How to prove ${}_2\phi_1(q^{-n},b;c;q,q)=\frac{(c/b;q)_n}{(c;q)_n}b^n.$

Question

Firstly, we have already known the one of $q$-analogues of Vandermonde's formula, which is $${}_2\phi_1(q^{-n},b;c;q,cq^n/b)=\frac{(c/b;q)_n}{(c;q)_n}.$$ And there is a hint, when we change the order of summation it deduces that $${}_2\phi_1(q^{-n},b;c;q,q)=\frac{(c/b;q)_n}{(c;q)_n}b^n.$$ What confused me is that the some detail steps were omitted.

Answer 1

It not so hard if you know what to do. However, it involves some calculations. (which is almost always the case with $q$-analogues special functions) Unfortunately I'm missing a $q$-power somewhere, so you have some homework finding the mistake. Still I'm sure this is the way that they want you to solve it.

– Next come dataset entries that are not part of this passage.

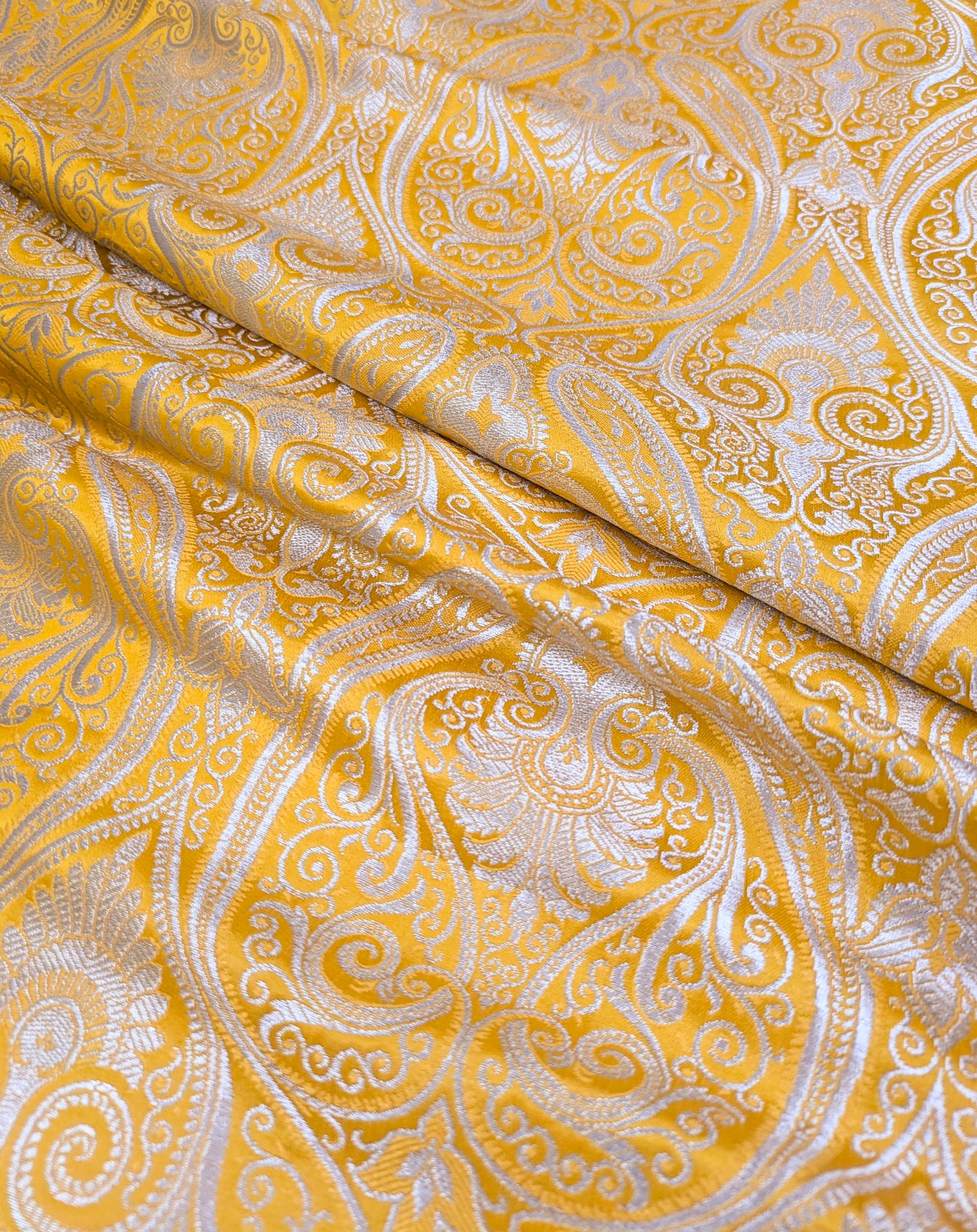 Banarasi Brocade Fabric, Yellow Silver Jacquard fabric, Home décor fabric, Wedding fabric, Historical fabric, Party fabric - NFAF356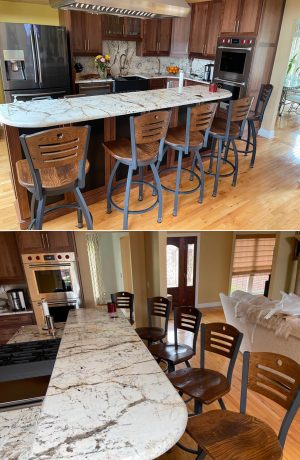 Holland's 830 XL Voltaire Metal and Wood Swivel Bar Stool in Customer's Wood Kitchen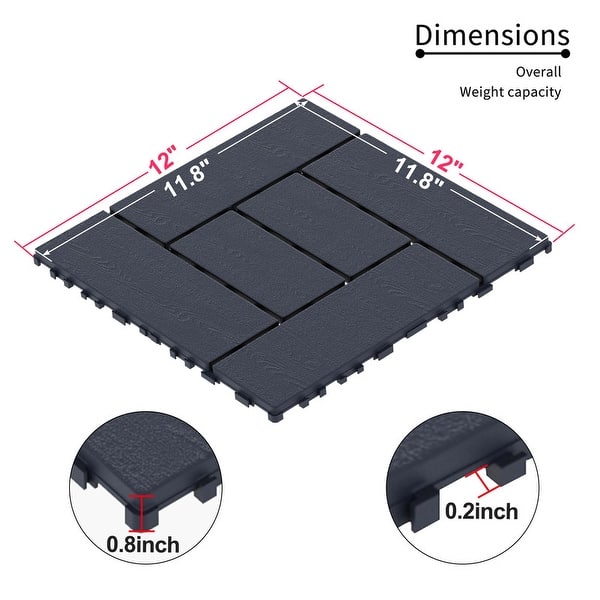 Pro Space 0.8 ft. W x 0.8 ft. L Plastic Interlocking Flooring Deck Tile Gray (10-Pack)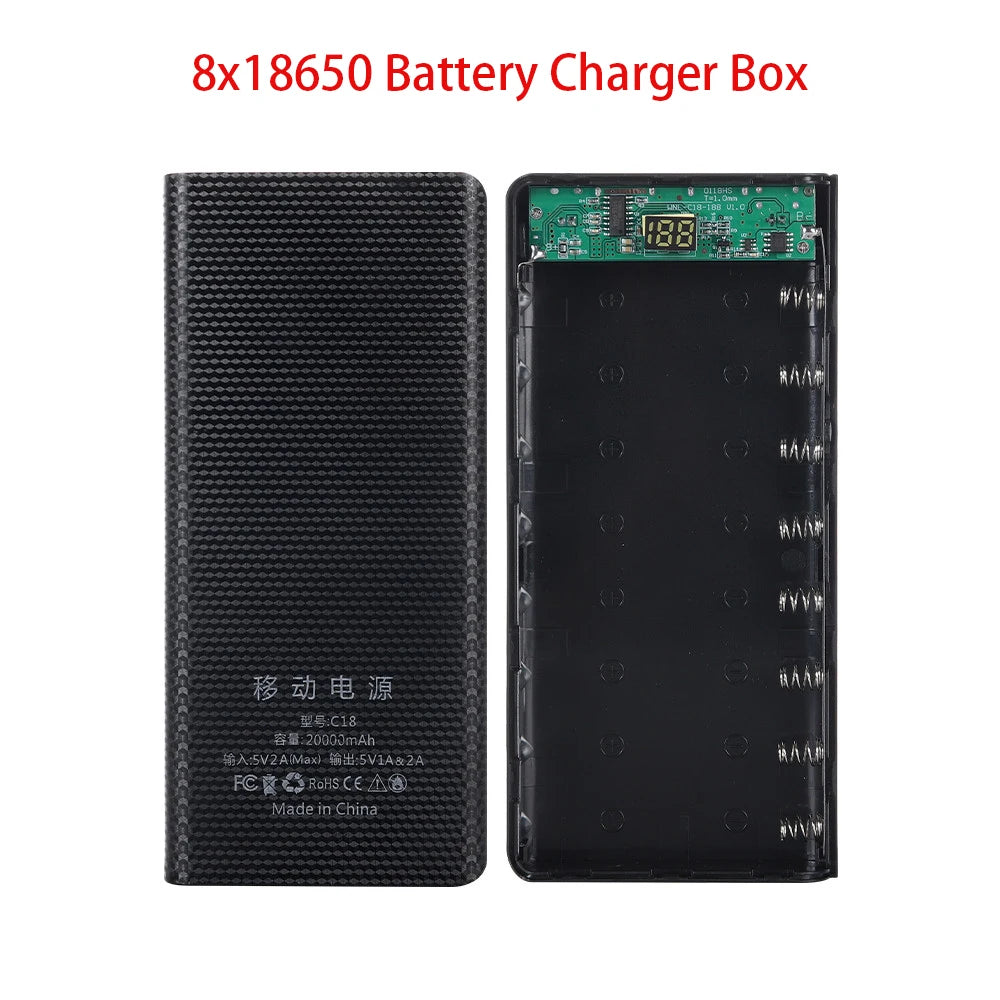 Charge rapide 18650 batterie externe 20000mAh USB Type C 5V étuis batterie Charge boîte de rangement sans batterie pour iPhone Xiaomi Huawei
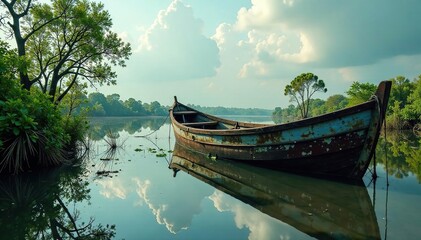 Obraz premium Boat partially submerged in the flooded wetlands, decayed, wetlands, marine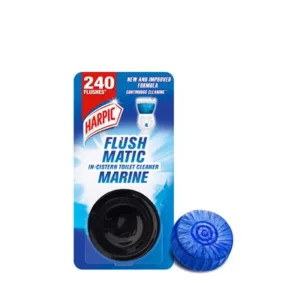 Single marine-scented toilet cleaning block.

By the $q$-Chu-Vandermonde formula we have $$ {}_2 \phi_1(q^{-n}, b; c; q, cq^n/b) = \frac{(c/b;q)_n}{(c;q)_n}. $$ Reversing the order of summation of the left hand side of the $q$-Chu-Vandermonde formula we obtain $$ \sum_{k=0}^{n} \frac{(q^{-n}, b; q)_{n-k}}{(q,c;q)_{n-k}} (cq^n/b)^{n-k} = \frac{(c/b;q)_n}{(c;q)_n}. $$ Note that we have $$ \frac{(a;q)_{n-k}}{(b;q)_{n-k}} = \frac{(a;q)_{n}}{(b;q)_{n}} \frac{(q^{1-n}/b;q)_k}{(q^{1-n}/a;q)_k} (b/a)^k. $$ If we apply this equality twice on the reversed summation of the $q$-Chu-Vandermonde formula the left hand side is equal to $$ \sum_{k=0}^{n} \frac{(q^{-n};q)_n}{(q;q)_n} \frac{(q^{-n};q)_{k}}{(q;q)_k} \frac{(b;q)_n}{(c;q)_n} \frac{(q^{1-n}/c;q)_k}{(q^{1-n}/b;q)_k} q^{k(n+1)} (c/b)^k (c/b)^{n-k} q^{n^2 - kn}. $$ Simplifying the left hand side using $(q^{-n};q)_n = (-1)^n q^{\binom{n}{2} - n^2} (q;q)_n$ and putting everything independent of $k$ to the right hand side yields $$ \sum_{k=0}^n \frac{(q^{-n}, q^{1-n}/c; q)_k}{(q, q^{1-n}/b; q)_k} q^k = (-1)^n \frac{(c/b;q)_n}{(b;q)_n} q^{-\binom{n}{2}} (c/b)^n q^{-n^2}. $$ Substitute $b, c \mapsto q^{1-n}/b, q^{1-n}/c$ and use $(q^{1-n}/c;q)_n = (c;q)_n (-q^{1-n}/c)^n q^{\binom{n}{2}}$ so that $$ {}_2 \phi_1(q^{-n}, b; c; q, q) = \frac{(c/b;q)_n}{(c;q)_n} b^n q^{-n}. $$ This last $q^n$ power should cancel with something. I'm sure I made some calculation mistake somewhere. But basically this is the idea. Notice that the book of Gasper and Rahman, named Basic Hypergeometric Series, contains an appendix with a list of useful identities and manipulations for $q$-Pochhammer symbols.